The New Amendment Bill was introduced to the House of Representatives yesterday and referred to the Environment and Communications Legislation Committee. The Bill attempts to overcome some of the issues raised in the Senate, by inserting a new Chapter 3A Part 5A providing a legal basis for the National Environmental Standards, to underpin bilateral agreements, and establishing a body to oversee the accreditation of States and Territories and the devolved decision-making process.
Under the new Amendment Bill, the National Environmental Standards will be legislative instruments, which makes them subject to consultation requirements and potential disallowance by Parliament (i.e. although legislative instruments do not need to be passed by Parliament, they have to be laid before Parliament and are essentially subject to a veto power). However, the initial standards – referred to as ‘interim standards’ – will not be subject to the disallowance provisions.
Minister Sussan Ley received the Final Report in October 2020. We still await the Australian Government’s official response to all of Prof. Samuel’s 38 recommendations.

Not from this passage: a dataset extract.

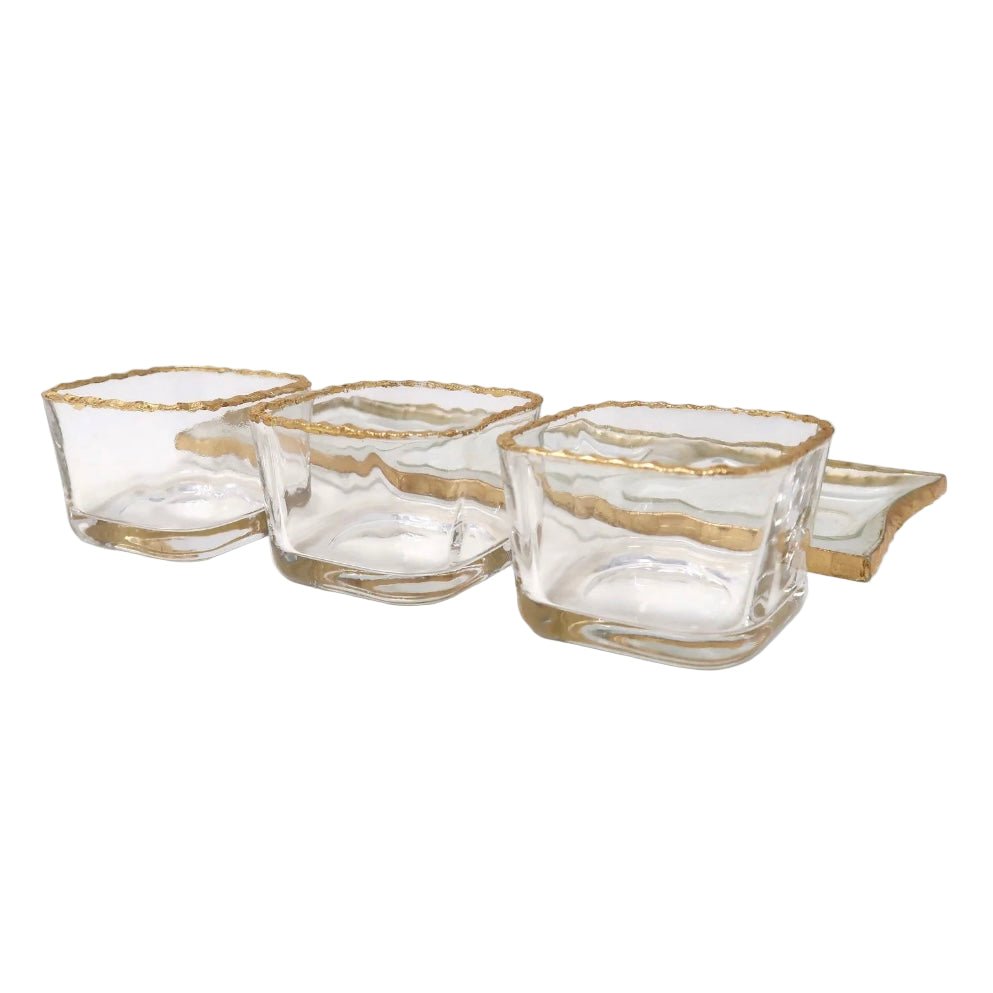 Schäfer 4 Dele Glasskålesæt med Guldkant – inkl. Glasbakke - Løven Home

In the next couple of months it will be interesting to see what happens to the Amendment Bills, the Proposed Standards and implementation of the Final Report recommendations more broadly. We suspect that the lack of power to disallow the ‘interim standards’ will be an issue in the Senate, if the Standards are not intended to be finalised prior to passage of the Bill.
All parties seem to agree that changes to the Commonwealth environmental regulatory system are both necessary and urgent. However there may be some way to go before we see consensus on the content of the National Standards or the necessary legislative amendments.